Black Gold
Tsēmā Igharas
Conversation with the artist and Jayne Wilkinson
Saturday, April 6, 2pm
Black Gold is the seductive nature of bitumen.
Black Gold is the destructive potential of bitumen.
Black Gold is our dependence, willing and unwilling, on bitumen.
Black Gold is about the nature of bitumen.
About its energy.
About our energy.
Ore bodies.
Our bodies.
Black Gold approaches mining practices and the indisputably thriving yet destructive extractive industries in the colonial states of British Columbia and Alberta, particularly within the context of Athabasca oil sands. This project takes for start the idea that mined substances are inherently connected to our bodies through a shared geological origin. The energy of a molecule is the energy of a person is the energy of a place is the energy of a moment.
In summer 2018, artist Tsēmā Igharas investigated these tensions through site-specific research and a residency supported by Untitled Art Society, which allowed her to delve into how these issues are made manifest on Treaty 7 Territory and Treaty 8 Territory, in comparison to how mining industries exist culturally, politically and economically in the unceded lands of artist’s home territory, Tahltan First Nation in northwestern British Columbia.
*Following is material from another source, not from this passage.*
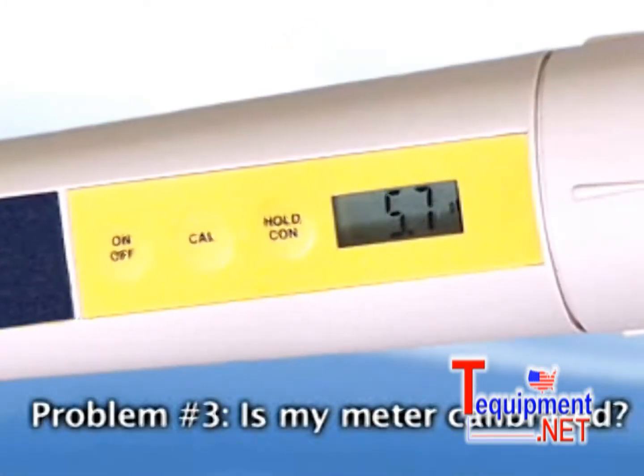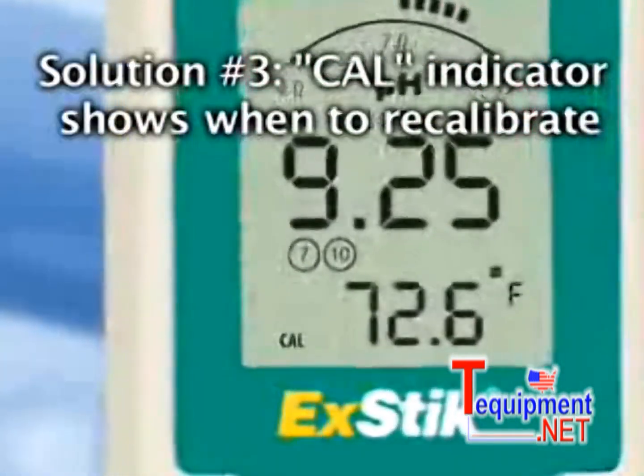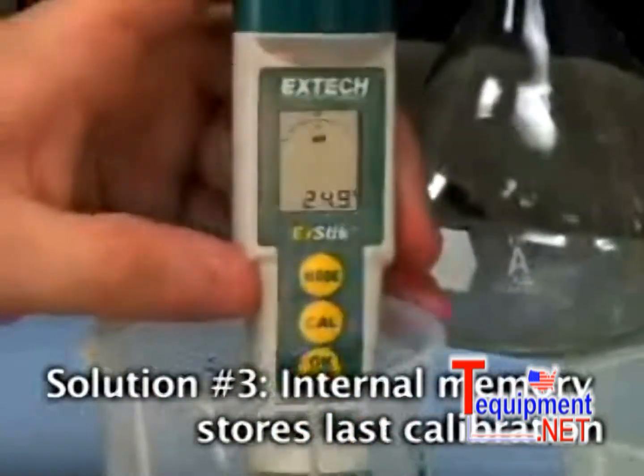Problem number three: how do I know if my meter needs to be calibrated? The EXTIC cal indicator will appear when it is time to recalibrate the meter. The internal memory will store your last calibration and will display on screen to eliminate any guesswork.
Tsēmā Igharas is an interdisciplinary artist and a member of the Tahltan First Nation. Potlatch methodology, teachings from her mentorship in Northwest Coast Formline Design at K’saan (2005/06), studies in visual culture, and time spent in the mountains all inform her practice and ways of making. Her approach challenges colonial value systems in relation to the land, and promotes, through methods of care, strategies of resistance; her work connects materials to mine sites and bodies to the land. Igharas has a Bachelor's degree from Emily Carr University of Art and Design and graduated from the Interdisciplinary Master's in Art, Media and Design program at OCADu. She is a contributing member to and representative of ReMatriate Collective, a group working toward the improvement of the ways Indigenous women are portrayed in the media. In 2018, she won the Emily Award for outstanding ECUAD alumni. Igharas has shown and performed across Canada. Internationally, she has participated in events in Chiapas, Mexico, Asheville, USA and Santiago, Chile.